The fine muscles along his jaw tensed and relaxed. He clenched a fist on the top of the table. “And you want to see me naked?”

“It isn’t about me seeing you naked. It’s about you seeing yourself that way. You waltz in here out-glitzing a Vegas showgirl all clothed in your shiny immortality and the protection of your maker and expect to get what you want by just losing a few hands of poker.” When he opened his mouth to protest, she pointed to her Ray-Bans. “Oh I see a lot more than most, Michael, and the owner of this place, well if anything he sees even more than I do. Hell, you might as well have your maker’s signature stamped across your forehead. You’re not fooling anyone but yourself, and the gods, well they like it that way just fine. But if you want to play the game in Buried Pleasures, you place your bet. Otherwise, don’t waste my time.”
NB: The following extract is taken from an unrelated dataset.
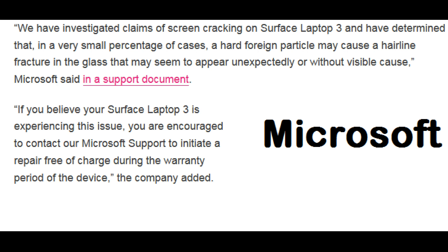If you believe your Surface Laptop 3 is experiencing this issue, you are encouraged to contact Microsoft support to initiate a repair free of charge during the warranty period of the device.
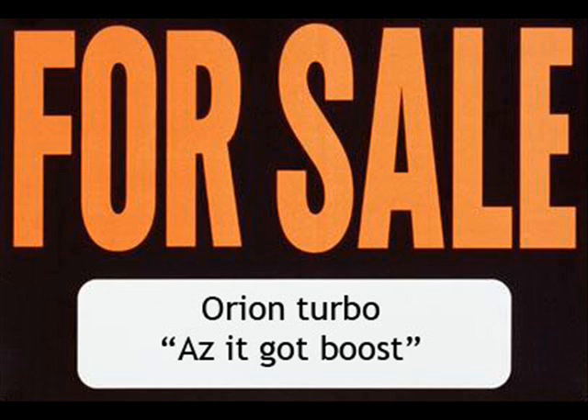So what, you got boost gauges in it? No, it doesn't have boost gauges. It doesn't have boost. How quick does it do 0-60? The book value for an Orion is 8 seconds, it does it in about 6. Does it in about 6? Is that with the boost or not? Like I said, it doesn't have boost. How come? Because it's not a Turbo.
He sat for a long moment studying her as though she were trying to trick him. He needn’t have worried. There were no tricks at Buried Pleasures, and everyone there ended up as naked and exposed as everyone else. Well, everyone but her and Jack Graves, but they’d both paid their dues a long time ago. They both knew that the breath of eternity blowing in your face always smells of death.

“And if I lose?” His gaze darted from her to the deck of sealed cards then to Graves standing with his arms crossed looking down on them from the mezzanine.

“If you lose, you get what you came for.” She nodded up to Graves. “He’ll sort the details with your maker and then you’re all his.”

“Wait a minute.” Michael shot another glance at Graves. “He’s not …”

This time she didn’t even try not to laugh. “Of course he’s not Satan. Granted, I suppose the storm tunnels might be mistaken for hell, what with the scorpions and the rats, but it suits Graves. He’s the only one who deals in mortality, and that is what you want, isn’t it, to be finite, to have a beginning and an end, to be a real boy?”

He bit his lower lip and gave a barely perceptible nod. Then he glanced over at the dealer as though he were afraid she might rat him out to his boss. Magda couldn’t help feeling a little sorry for him.

“Then trust me, this is the only place you have any chance of that happening. You are sure that’s what you want?” She quirked her head to the dealer, who gave him a questioning look.

“More than I’ve ever wanted anything,” he whispered blinking back emotion.

“And consequences be damned?”

He nodded his response as though he had suddenly lost the power of speech. Then he motioned to the dealer. She opened the deck and shuffled. Michael carefully took each card dealt him as though he feared one of them might explode. She watched him rather than her own cards. The last few seconds of eternity was something she’d never seen on anyone’s face before. While this might have been exactly what Michael had wanted, she could almost taste his fear. Before he could turn over his last card, she placed her hand over his. “It’s not too late to change your mind. I’ll completely understand if you want to back out, and so will Mr. Graves.”

“I won’t … change my mind.” He tried to pull his hand free, but she held it. “Once it’s done, it’s done. There’s no going back. You know that?”

“I understand.” He took a deep breath and pulled free.

It only took one hand. One hand and the angel, Michael, lost spectacularly. Then Magda sat back and watched him change. Oh there were no feathers dropping to the floor from the wings that no one could see, no tinkle of a golden halo hitting the marble beside his chair. There was no crash of thunder or strike of lightening, no roaring voice from heaven and no flaming sword guarding the way back to paradise. His hands shook a little as he pushed the mountain of chips to Magda’s side of the table. He sank back into his chair in a motion that was more one of a weight settling than a weight being lifted. Magda knew the difference very well. A thin sheen of sweat broke on his high forehead and slowly his attention shifted to Graves, who only smiled down at him and lifted a glass in salute. At last he found his voice. “He’ll come for me now?”